Makna ma’ruf secara bahasa kebanyakan
berputar di atas makna ‘semua perkara yang diketahui dan dimaklumi oleh manusia
satu dengan yang lainnya dan mereka tidak mengingkarinya’. Adapun secara
istilah,ma’ruf bermakna ‘semua perkara yang diketahui, diperintahkan, dan
dipuji pelakunya oleh syari’at, maka masuk di dalamnya semua bentuk ketaatan,
dan yang paling utamanya adalah beriman kepada Allah Taala, dan
mentauhidkan-nya.
Sementara pengertian an-nahyu menurut Syaikhul Islam Ibnu
Taimiah yaitu:
“Dan an nahyu yaitu per,mintaan atau
kehendak untuk meninggalkannya”.
Munkar secara bahasa, maka maknanya
kebanyakan berputar di atas makna ‘semua perkara yang tidak diketahui dan tidak
diakui oleh manusia dan mereka mengingkarinya’. Adapun secara istilah, munkar
adalah ‘semua perkara yang diingkari, dilarang, dicela, dan dicela pelakunya
oleh syari’at, maka masuk di dalamnya semua bentuk maksiat dan bid’ah, dan yang
paling jeleknya adalah kesyirikan kepada Allah –‘Azza wa Jalla-, mengingkari
keesaan-Nya dalam peribadahan atau ketuhanan-Nya atau pada nama-nama dan
sifat-sifatNya’.
[Lihat Al-Qaulul Bayyinul Azhhar
hal,8-12]
Hukum Al-Amru bil Ma’ruf dan an-Nahyu ‘Anil Munkar
Menurut Ibnu Taimiah,Hukum al-Amru bil
Ma’ruf dan an-Nahyu ‘Anil Munkar adalah Fardhu Kifayah, yakni tidak diwajibkan
kepada setiap orang, jika delaksanakan oleh sebahagian orang maka gugurlah
kewajipan tersebut.
Analisis Terhadap Permasahalaan
Dari
pemaparan di atas dapatlah kita tarik beberapa kesimpulan
1.
Da’wah secara bahasa berarti memanggil, mengundang. Sementara menurut istilah
dapat berarti “da’wah adalah sebagai satu upaya, proses menuju Islam Kaffah,
sebagai cara hidup total dalam satu bingkai harakatud-da’wah yang memiliki
dimensi bina’an dan difa’an.”
2.
Sementara al-amru bil ma’ruf wa an-nahyu ‘anil munkar secara ringkas dapat
berarti memerintahkan atau menyuruh kepada yang ma’ruf (baik) dan mencegah dari
perbuatan yang munkar.
3.Hukum
al-amru bil ma’ruf wa an-nahyu ‘anil munkar menurut syaikhul Islam Ibnu
Taimiyah adalah fardhu kifayah.
4.
Sementara tafsir surah Ali Imran ayat 110 dan secara garis besarnya berkisar
dalam masalah perintah untuk berda’wah, yakni berda’wah kepada kebaikan: da’wah
kepada tauhidullah, dan amar ma’ruh nahi munkar.
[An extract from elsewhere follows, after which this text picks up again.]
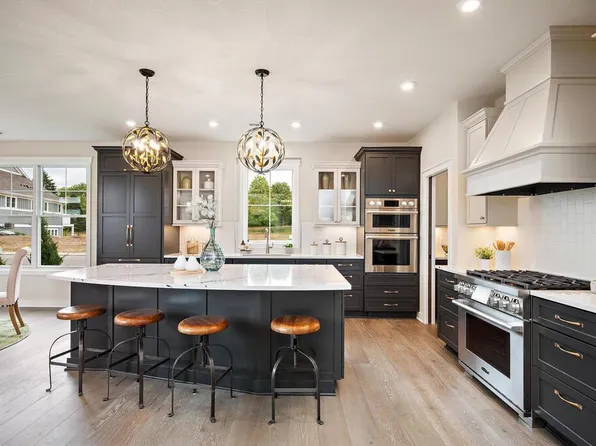 124 Spring Farm Rd, North Oaks, MN 55127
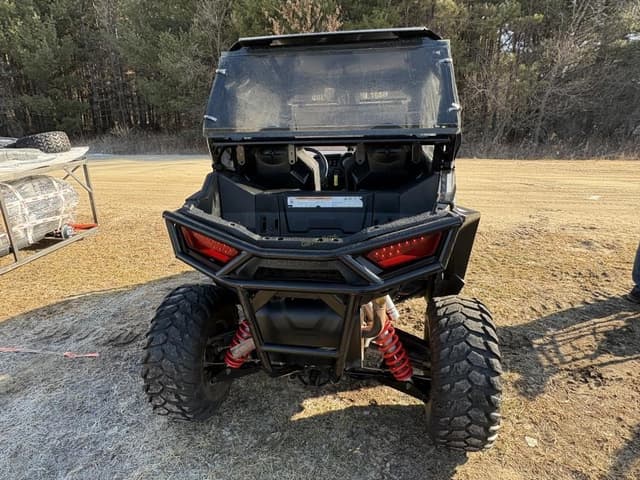 Image of Polaris RZR 1000 equipment image 4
Jelaslah kini mengapa kaum muslimin disebut Allah SWT sebagai خَيْرَ أُمَّةٍ (umat terbaik) dan أُمَّةً وَسَطًا(umat yang adil dan pilihan), yakni lantaran umat ini
beriman kepada Allah SWT yang telah menurunkan syariat Islam yang paripurna
(QS. Al-Maidah : 3) kepada rasul-Nya Muhammad saw, serta senantiasa menegakkan
pelaksanaan syariat Islam yang menjadi rahmat bagi seluruh alam (rahmatan
lil ‘alamin) dengan aktivitas ”amar ma’ruf nahi munkar”. Jika
umat ini masih memiliki unsur-unsur kebaikan umat tersebut, maka predikat
terbaik dan pilihan tersebut tentu masih lekat. Sebaliknya jika sifat itu
hilang, layaklah predikat itu tak tersandang lagi.